Erste Denkmalschutzausweisung: Am 13. Februar 1975 wurden lediglich die Fassaden, das Dach, die Treppe, deren Balustrade und der Feuersteinboden in das Verzeichnis der historischen Denkmäler aufgenommen.

Vollständige Denkmalschutzausweisung im Jahr 1995: Das Herrenhaus wurde in seiner Gesamtheit unter Denkmalschutz gestellt.

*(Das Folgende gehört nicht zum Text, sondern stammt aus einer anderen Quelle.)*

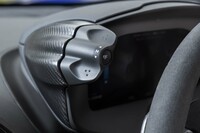 左側はシャシーの設定用。モードは「コンフォート」「スポーツ」「トラック」の3種類。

Durch die Restaurierung wurde das ursprüngliche Erscheinungsbild des Gebäudes unter Verwendung traditioneller Materialien wiederhergestellt.

Nach dem Tod von Herrn und Frau Guérin zog ihre Tochter Florine mit ihrem Mann und ihren Kindern in das Herrenhaus ein.

Die Cottages hatten damals verschiedene Funktionen, hauptsächlich landwirtschaftliche oder häusliche. Cottage 2 diente als Brotbackofen, während Cottage 4 zur Aufbewahrung der Gartengeräte genutzt wurde. Das Cottage 3 verfügte über Schlafgelegenheiten im Obergeschoss und eine Scheune im Erdgeschoss.

Die Cottages 6, 7 und 9 dienten als Ställe und Scheunen für Futter und landwirtschaftliche Geräte. Das Cottage 5 beherbergte, ebenso wie das Cottage 3, Familienwohnungen. Das Cottage 8 wurde als Sudhaus für die Apfelweinherstellung genutzt, während das Cottage 1 damals leer stand.

Das Herrenhaus bildete damals den Hauptwohnsitz der Familie.
An der Stelle des heutigen Schwimmbads befand sich früher ein weitläufiger Gemüsegarten, der zum täglichen Leben auf dem Anwesen beitrug.

Das Herrenhaus heute: ein geschichtsträchtiges Hotel

Seit seiner Umgestaltung hat sich das Herrenhaus zu einem charmanten 4-Sterne-Boutique-Hotel entwickelt: Les Manoirs des Portes de Deauville.

Es verbindet den Charakter eines geschichtsträchtigen Ortes mit dem Komfort eines modernen Hotels und bewahrt dabei zahlreiche restaurierte Elemente, die von seiner Vergangenheit zeugen.

Les Manoirs des Portes de Deauville sind weit mehr als nur eine Unterkunft: Sie erzählen von mehreren Jahrhunderten Geschichte, zwischen architektonischem Erbe, literarischer Erinnerung und maritimem Vermächtnis.

Dieser Rundgang lädt die Besucher dazu ein, das Anwesen in seinen verschiedenen Facetten zu entdecken und all jenen Tribut zu zollen, die es im Laufe der Zeit geprägt haben.